Tue Sep 7 12:11:57 EDT 2010

Hi Saeed,

On Tue, Sep 07, 2010 at 12:52:39PM +0300, saeed bishara wrote:
> On Tue, Sep 7, 2010 at 10:58 AM, saeed bishara <saeed.bishara at gmail.com> wrote:
> > On Mon, Sep 6, 2010 at 5:14 PM, Wolfgang Wegner <ww-ml at gmx.de> wrote:
> >> On Mon, Sep 06, 2010 at 03:03:47PM +0100, Russell King - ARM Linux wrote:
> >>> On Mon, Sep 06, 2010 at 12:02:44PM +0200, Wolfgang Wegner wrote:
> >>> > Mapping the PCI memory space via mmap() resulted in some
> >>> > disappointing ~6.5 MBytes/second. I tried to modify page
> >>> > protection to pgprot_writecombine or pgprot_cached, but while
> >>> > this did reproducably change performance, it was only in
> >>> > some sub-percentage range. I am not sure if I understand
> >>> > correctly how other framebuffers handle this, but it seems
> >>> > the "raw" mmapped write performance is not cared about too
> >>> > much or maybe not that bad with most x86 chip sets?
> >>> > However, the idea left over after some trying and looking
> >>> > around is to use the DMA engine to speed up write() (and
> >>> > also read(), but this is not so important) system calls
> >>> > instead of using mmap.
> >>>
> >>> Framebuffer applications such as Xorg/Qt do not use read/write calls
> >>> to access their buffers because that will be painfully slow.
> >>
> >> BTW, the throughput I get with a "dd if=bitmap of=/dev/fb0 bs=512"
> >> is the same I get from my test application writing longwords
> >> sequentially to the mmapped frame buffer.
> > I'm not sure the writecombine is enabled properly, can you test that on DRAM?
> > you can do that be reserving some memory (mem=<dram size - 8M>), then
> > try to test throughput with and without writecombine.
> >
> also, in order to sent bursts, make sure that the stm instruction is
> used, preferred with 8 registers with address aligned to 8*4 bytes.
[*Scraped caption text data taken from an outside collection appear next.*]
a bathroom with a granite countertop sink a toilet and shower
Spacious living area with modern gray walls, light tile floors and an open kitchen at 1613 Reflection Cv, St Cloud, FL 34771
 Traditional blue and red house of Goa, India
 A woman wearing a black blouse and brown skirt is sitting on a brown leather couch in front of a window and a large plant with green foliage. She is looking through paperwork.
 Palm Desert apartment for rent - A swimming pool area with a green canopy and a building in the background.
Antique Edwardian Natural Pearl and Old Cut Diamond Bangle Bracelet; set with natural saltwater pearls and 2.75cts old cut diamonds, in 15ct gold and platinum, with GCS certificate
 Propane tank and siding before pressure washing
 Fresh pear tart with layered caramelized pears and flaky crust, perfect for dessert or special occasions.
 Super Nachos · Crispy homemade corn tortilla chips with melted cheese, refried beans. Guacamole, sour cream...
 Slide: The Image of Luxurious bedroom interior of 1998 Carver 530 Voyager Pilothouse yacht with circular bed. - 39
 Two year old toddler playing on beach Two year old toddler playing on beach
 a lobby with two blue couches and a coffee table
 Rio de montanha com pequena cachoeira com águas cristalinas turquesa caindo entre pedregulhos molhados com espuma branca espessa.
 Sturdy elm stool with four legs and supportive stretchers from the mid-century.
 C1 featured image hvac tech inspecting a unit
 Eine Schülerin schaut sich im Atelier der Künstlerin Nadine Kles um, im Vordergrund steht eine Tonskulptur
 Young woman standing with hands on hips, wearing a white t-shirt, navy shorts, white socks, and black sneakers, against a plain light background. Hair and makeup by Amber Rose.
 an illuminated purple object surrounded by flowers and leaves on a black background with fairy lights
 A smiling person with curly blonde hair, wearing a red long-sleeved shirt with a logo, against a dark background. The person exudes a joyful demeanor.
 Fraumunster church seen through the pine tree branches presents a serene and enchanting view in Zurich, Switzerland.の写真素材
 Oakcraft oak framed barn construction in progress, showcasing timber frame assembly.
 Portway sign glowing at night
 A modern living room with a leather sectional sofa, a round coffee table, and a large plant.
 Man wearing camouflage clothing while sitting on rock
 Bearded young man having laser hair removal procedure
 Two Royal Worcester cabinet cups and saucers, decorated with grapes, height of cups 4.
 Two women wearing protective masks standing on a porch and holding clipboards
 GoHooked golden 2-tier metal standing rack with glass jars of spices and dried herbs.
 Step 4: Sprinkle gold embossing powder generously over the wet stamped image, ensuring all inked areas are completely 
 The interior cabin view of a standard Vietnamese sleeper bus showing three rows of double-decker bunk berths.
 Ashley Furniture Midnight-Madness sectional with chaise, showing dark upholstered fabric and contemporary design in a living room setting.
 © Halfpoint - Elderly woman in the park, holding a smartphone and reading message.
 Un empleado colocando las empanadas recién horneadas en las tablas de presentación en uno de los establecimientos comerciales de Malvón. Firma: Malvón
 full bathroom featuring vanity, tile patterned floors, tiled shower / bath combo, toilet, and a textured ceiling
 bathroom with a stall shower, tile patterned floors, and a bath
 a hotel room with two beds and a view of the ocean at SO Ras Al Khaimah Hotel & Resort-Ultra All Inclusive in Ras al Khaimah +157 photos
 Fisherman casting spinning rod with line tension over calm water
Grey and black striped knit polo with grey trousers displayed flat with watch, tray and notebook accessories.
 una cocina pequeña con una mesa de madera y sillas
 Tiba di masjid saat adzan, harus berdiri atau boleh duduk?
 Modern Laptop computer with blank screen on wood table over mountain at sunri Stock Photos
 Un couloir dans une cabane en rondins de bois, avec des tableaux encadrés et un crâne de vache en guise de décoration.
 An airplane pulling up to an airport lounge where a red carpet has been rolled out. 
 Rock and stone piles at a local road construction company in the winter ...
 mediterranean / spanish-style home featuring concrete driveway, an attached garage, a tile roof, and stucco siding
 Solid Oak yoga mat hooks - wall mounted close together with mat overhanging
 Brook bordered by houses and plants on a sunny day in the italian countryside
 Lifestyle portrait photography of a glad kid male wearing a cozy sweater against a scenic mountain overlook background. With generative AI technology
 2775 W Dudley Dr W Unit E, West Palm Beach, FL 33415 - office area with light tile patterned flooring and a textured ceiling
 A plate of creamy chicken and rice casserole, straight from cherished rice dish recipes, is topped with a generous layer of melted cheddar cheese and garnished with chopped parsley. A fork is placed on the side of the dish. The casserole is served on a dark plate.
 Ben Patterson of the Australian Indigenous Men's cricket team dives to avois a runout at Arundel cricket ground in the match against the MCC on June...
thanks for your hints and patience!

I am not sure if I did things correctly. I set up an 8MB mapping
from system RAM as you proposed, and am getting 240 MBytes/second
write data rate with a simple test application filling the whole
region with 0x12345678 mapped through my driver.

In the driver, I used the following combinations for ioremap and
pgprot modification during remap_pfn_range:
ioremap_wc + pgprot_writecombine(vma->vm_page_prot)
ioremap_cached + <no modification of vma->vm_page_prot>
ioremap_nocache + pgprot_noncached(vma->vm_page_prot)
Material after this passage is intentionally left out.